Women working for Lewisham Council are defying the wage gap and are being paid nearly 11% more than men, according to the authority’s statement on equal pay.
The Pay Policy Statement outlines the Councils view that every employee should be paid on an equal and fair basis. The statement is required to be published under the 2017 Gender Pay Gap Reporting legislation.
Average hourly rates for employees were found to be 10.9% higher and the boundary between the top paid and lowest paid jobs had increased by 15.8% for women.
Although a majority proportion of lower level jobs are occupied by men, 68% of both middle and upper tier roles at the council are occupied by women.
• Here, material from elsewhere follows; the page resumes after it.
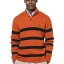 Ralph Lauren Chaps ラルフローレン チャプスメンズ クラシックフィットモッネックセーターオレンジボーダー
This does not include chief officer positions.
The report from the council said: “The Council seeks to be a fair and good employer of choice and in doing so deliver effective services in the borough.”
“Whatever their role, the Council seeks to ensure that every member of staff is valued and remunerated on a fair and just basis – taking into account the burden of personal responsibility their job requires.”
Lewisham Council’s pay policy breaks the trend laid out in the Office for National Statistics (ONS) annual earnings survey which was released in October 2017. The ONS stated that nationally men receive 9.1% more than women, this is a down from 17.4% when the survey began in 1997.
Roger Smith, of the ONS Earnings Branch, said: “The gender pay gap fell to 9.1% among full-timers, the lowest since the present survey began.”
With a majority of females securing positions in the upper and middle tier sectors, the Council are supporting women in higher paid roles, research from the Living Wage Foundation shows that “nearly a 1/3 of all women working in the UK don’t earn a wage they can live on.”